To SWS....yes SleepyHead reports Periodic Breathing. It is complicated though...if awake it will report it...so the irregular breathing while awake can be misinterpreted. It also will report PB that doesn't even come close to true CSR. I have seen it in person on my reports. I don't remember if OP here had a lot of PB on the reports that I have seen but I don't think there was a lot or I would have been leaning towards the ASV thing more than I am. I can't remember for sure though.

[Pugsy]

Chipmunk cheeks with nasal pillows? Air goes up the nose and tries to exit through the mouth, inflates cheeks...out mouth. Tongue placement is needed so the tongue blocks the air from entering the mouth.

What is your humidifier setting? Are you having congestion or runny nose with using the nasal pillows?
With the air going directly to nasal cavity..you might need more moisture or less. If things seems too dry..might increase the setting on humidifier a bit.

Unsure why no data after switching to the full face mask..that doesn't make any sense. Try this...put SD card back into the cpap machine...let it do its thing and when it is done..remove the SD card and try importing again to SleepyHead. Perhaps there was/is a bad file causing the lack of data for the time with the full face mask.

If you are awake or semi awake during the hour with the nasal pillows...we can't trust the reports to be accurate. The machine will pick up on irregular awake breathing and flag events by mistake. Especially the clear airway events.

[-SWS]

To SWS....yes SleepyHead reports Periodic Breathing. It is complicated though...if awake it will report it...so the irregular breathing while awake can be misinterpreted. It also will report PB that doesn't even come close to true CSR. I have seen it in person on my reports. I don't remember if OP here had a lot of PB on the reports that I have seen but I don't think there was a lot or I would have been leaning towards the ASV thing more than I am. I can't remember for sure though.

I looked up macewa's PB statistics. They are not too bad---usually under 5%.

Let's take a hypothetical CompSAS patient for a moment. The very CompSAS condition itself is what prevents consolidated sleep while attempting to use the machine. Those same patients are also more susceptible to central dysregulation during each wake/sleep trasition based on CO2 homeostasis instability.

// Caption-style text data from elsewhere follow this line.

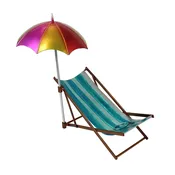 10.2 in. Metal Beach Chair Wine Bottle Holder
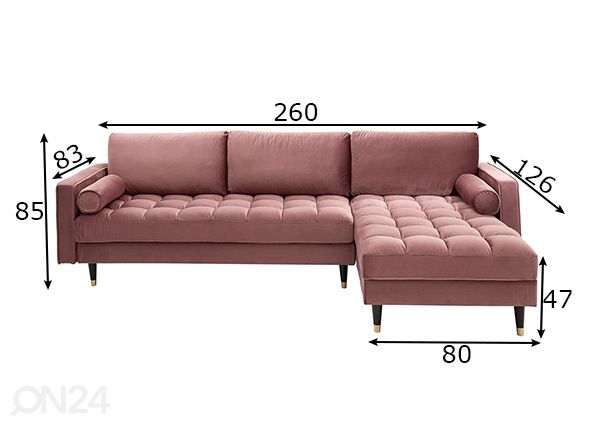 Kulmasohva Velvet II mitat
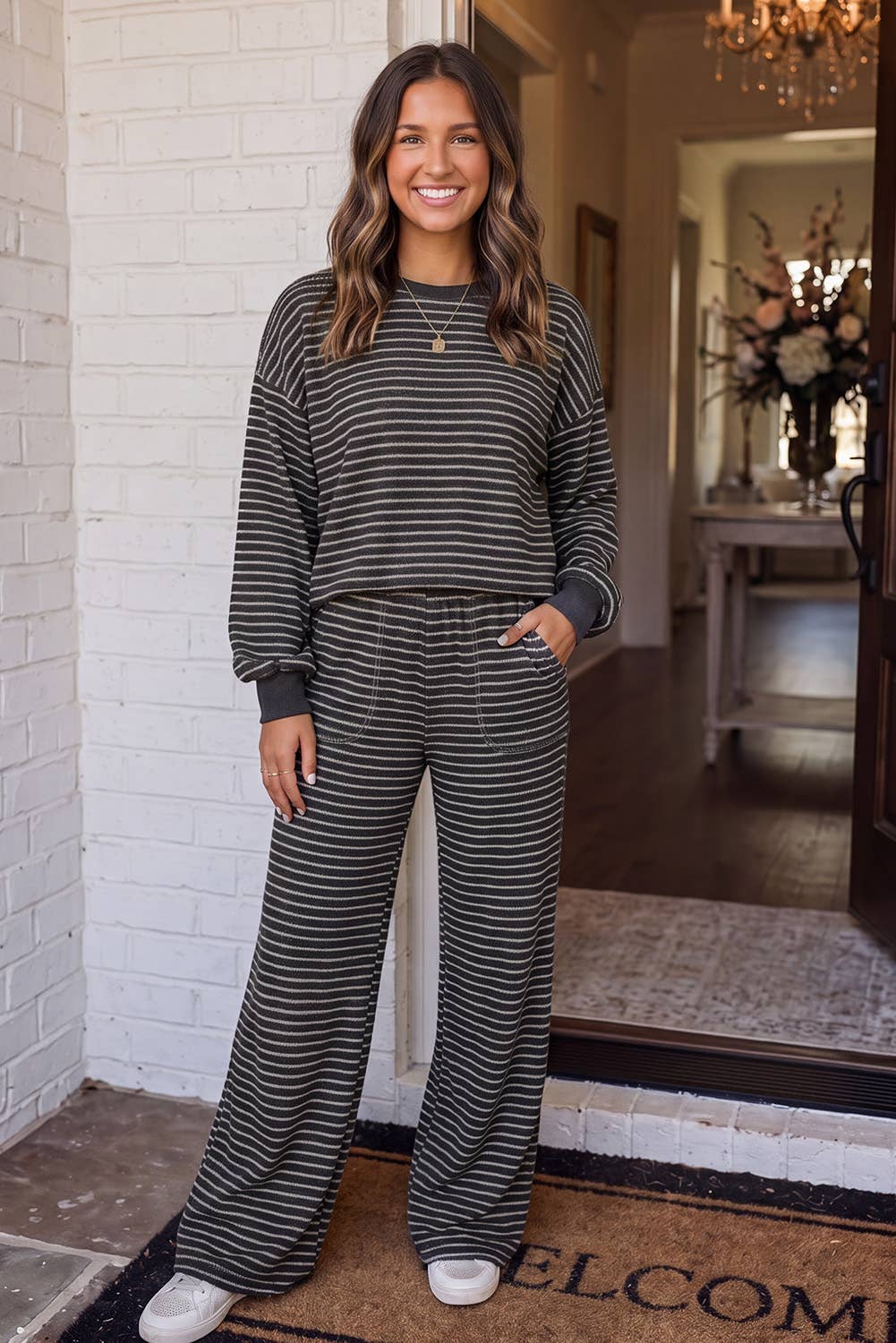 Cozy Striped Crew Neck Pocketed Pants Set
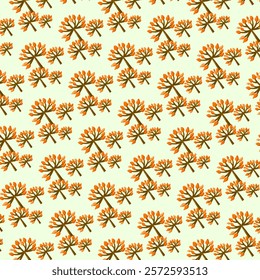 Tree with Orange leaves pattern 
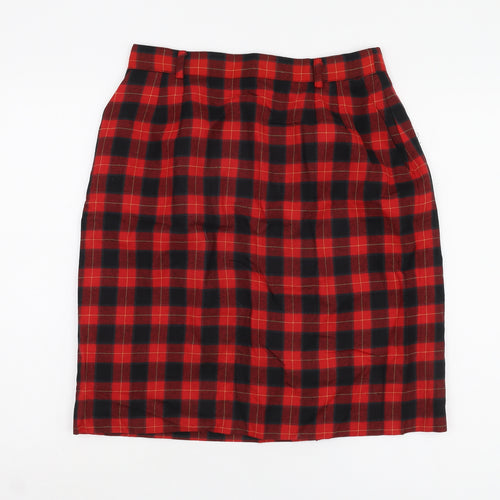 Viyella Women's Red Plaid Wool Pencil Skirt Size 16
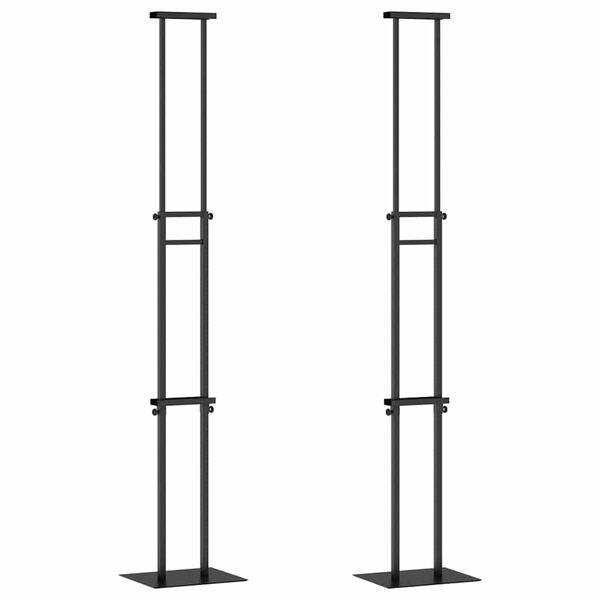 vidaXL Panouri pentru Târguri 2 pcs Negru 30 x 24 x 208 cm Fier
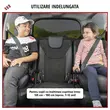 Inaltator Auto cu ISOFIX pentru copil, Raffi, Walser, testat si certificat ECE R 129, i-Size, 6-12 ani, 125-150 cm, 22-36 Kg, universal, gri cu negru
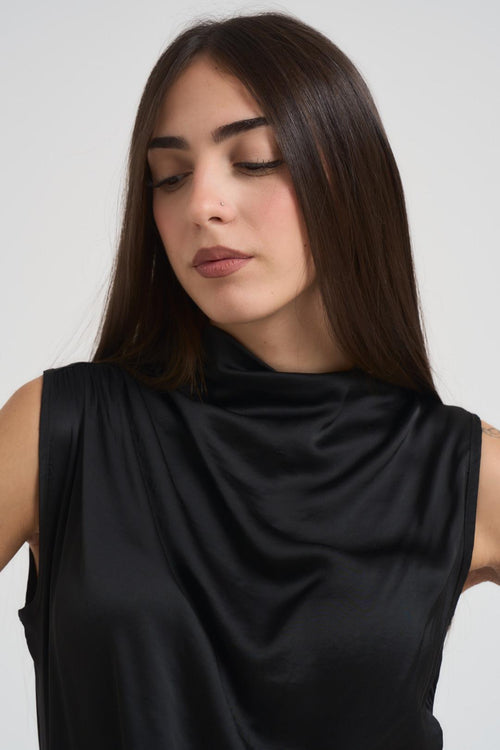 Top donna smanicato satinato nero - 2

So in CompSAS cases, there's often an inherent problem in saying "You need to sleep more on that machine so we can gain a better idea if you might have real CompSAS". Sometimes the CompSAS patients do sleep more on the machine, when machine intolerance is not as prominent. But machine intolerance is part-and-parcel to CompSAS, and some CompSAS patients present machine intolerance much more severely than others.

This many months into machine intolerance, incessant wake/sleep transitions, some PB and clear airway apneas, I think I'd ask the doctor for an ASV trial rather than attempt to better adapt to the machine for several more months.

[Pugsy]

This many months into machine intolerance, incessant wake/sleep transitions, some PB and clear airway apneas, I think I'd ask the doctor for an ASV trial rather than attempt to better adapt to the machine for several more months.

Very true.. There is a reason that the sleep doctor is not available though. I forget what it is.
So that is why I could only keep offering what I offered. Going with what was available. Not ideal but the best we could do.

[-SWS]

Pugsy, you are one of my superstar heros. I'm coming to YOU when I need SDB advice.

Macewa, I'd at least ask the doctor about arranging an ASV trial.